# Marathons



## Fletcher (Apr 23, 2006)

I have a friend that I have known for about seven years and I have never seen him work out once. He's decided that since he has never set a major goal and worked to achieve it, he wants to run a marathon. I'm the only person he knows that exercises at all, so even though I don't know anything about running, he's asked me to help him train. Does anyone have any advice on training for such a big goal, or even for getting someone who has never worked out into decent shape?


----------



## Henderson (Apr 23, 2006)

Fletcher said:
			
		

> I have a friend that I have known for about seven years and I have never seen him work out once. He's decided that since he has never set a major goal and worked to achieve it, he wants to run a marathon. I'm the only person he knows that exercises at all, so even though I don't know anything about running, he's asked me to help him train. Does anyone have any advice on training for such a big goal, or even for getting someone who has never worked out into decent shape?


 
According to you, your friend doesn't work out at all.  He is *YEARS* from even _thinking_ about running a marathon.  And, by your own admission, you know nothing about training for running.  Your friend needs to find a knowledgeable person to help him in his quest.  Do not be too proud, to say you can't help him.  He needs to start running. Every day. Every day. Every day.  Then enter short races to build up. 5K, 10K, etc, etc.  During my time in the Army, I could run 3 miles in under 15:30, which ain't too shabby.  Even then, I wouldn't have even considered 26.2 miles.

Just my $.02

Respects...


----------



## Lisa (Apr 23, 2006)

Tell him to get a qualified trainer to help him out.  Take is slow.  He won't or shouldn't be considering running any marathons in the near future.  Tell him you are not qualified to help him out.  Is this guy in bad shape?  Should he be taking on such a noble goal, is he physically capable of doing hard training.  Perhaps also suggest a visit to his doctor to make sure he is well enough to start training.


----------



## Andrew Green (Apr 23, 2006)

It's possible, but he is going to have to push hard, and cross train.  Running is rough on the body until it gets used too it.  For a while much of his training should probably be lower impact, like a eliptical or swimming, running once or twice a week and building up the distance and the speed.  Probably mixed in with a lot of waliking....

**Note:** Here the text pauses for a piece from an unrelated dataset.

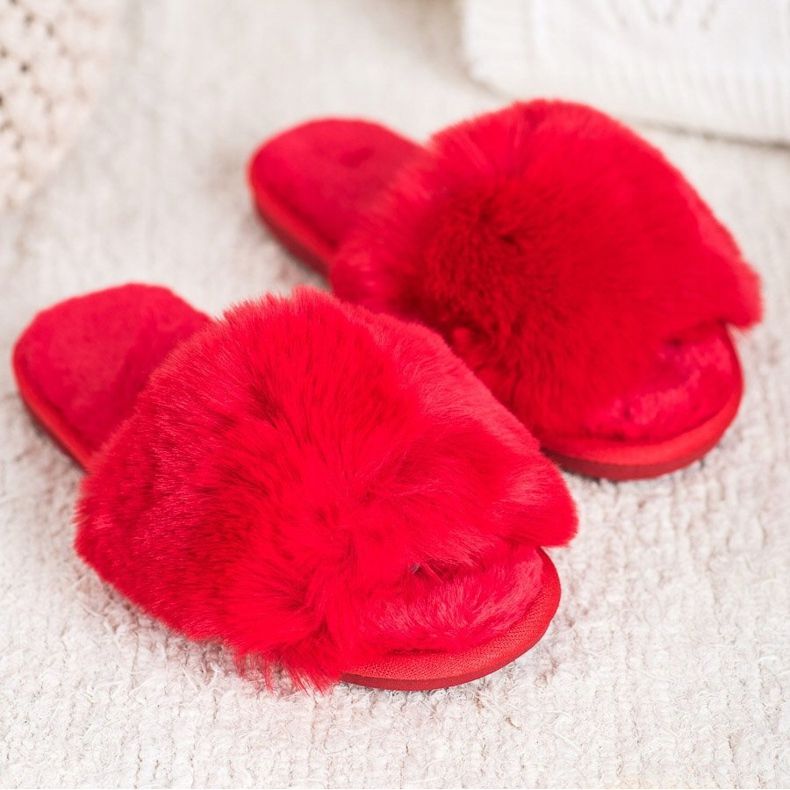 Bona Elegantne crvene papuče crvena 2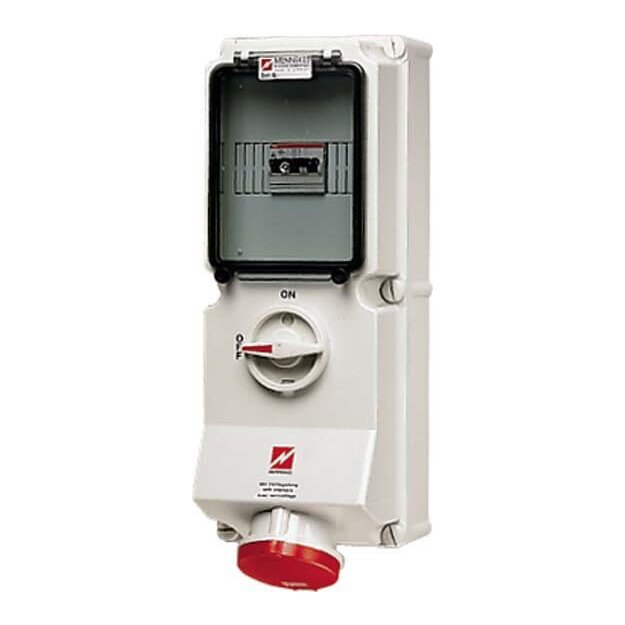 Mennekes Wanddose DUO 32A 4p 6h 400V IP44 7219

But best to find him a fitness coach and get them working with him.


----------



## Jonathan Randall (Apr 23, 2006)

Fletcher said:
			
		

> I have a friend that I have known for about seven years and I have never seen him work out once. He's decided that since he has never set a major goal and worked to achieve it, he wants to run a marathon. I'm the only person he knows that exercises at all, so even though I don't know anything about running, he's asked me to help him train. Does anyone have any advice on training for such a big goal, or even for getting someone who has never worked out into decent shape?


 
First off, as Lisa stated, he needs to see his doctor for an ok first. A Personal trainer is a good suggestion as well, but have him see his doctor FIRST. Trainers can get him well along the road but they are not physicians and cannot tell if he has or does not have an underlying condition that could be trouble for him as he begins to train and stress his body.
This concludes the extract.